International aid is critical to save lives, protect livelihoods, and help reconstruction in communities debilitated by war or natural disasters. It constitutes a critical element of solidarity between peoples, across races, borders, religions, and cultures, contributing towards a more equitable society.
However, while it is generally seen as an instrument of development for the poorest countries, aid is frequently provided by donors in a manner that supports their own economic interests or foreign policy agendas. The United States Agency for International Development (USAID) candidly states, “The principal beneficiary of America's foreign assistance programs has always been the United States… Foreign assistance programs have helped create major markets for agricultural goods, created new markets for American industrial exports and meant hundreds of thousands of jobs for Americans.” This pattern is particularly evident in the provision of US food aid when supplied from the US to be shipped overseas often at the expense of local farmers.
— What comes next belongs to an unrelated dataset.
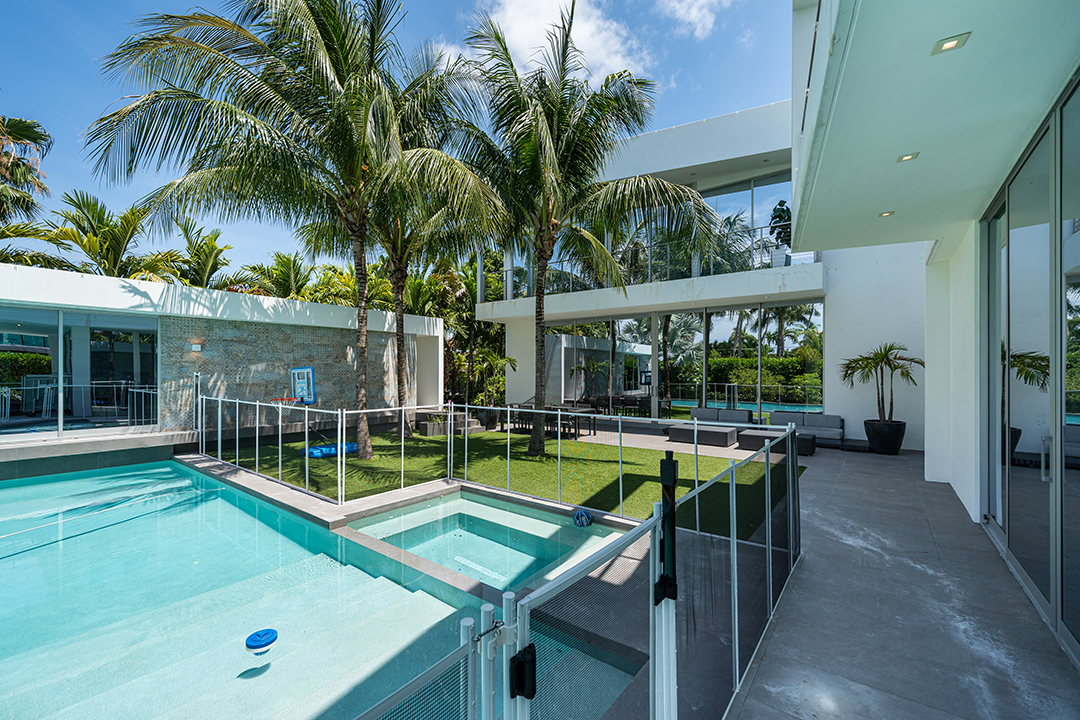 Miami Heats Victor Oladipo Lists Miami Beach Modern For 10m A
International aid may also be conditioned on policy and regulatory changes that recipient governments must undertake. International financial institutions such as the International Monetary Fund and the World Bank, and individual donor countries have a long history of leveraging countries into privatization and market liberalization — typically at the expense of local communities and to the benefit of multinational corporations.
Working with partners around the world, the Oakland Institute monitors and studies international aid practices as well as specific projects. This research guides our advocacy to promote good practices and denounce flaws and wrongdoings.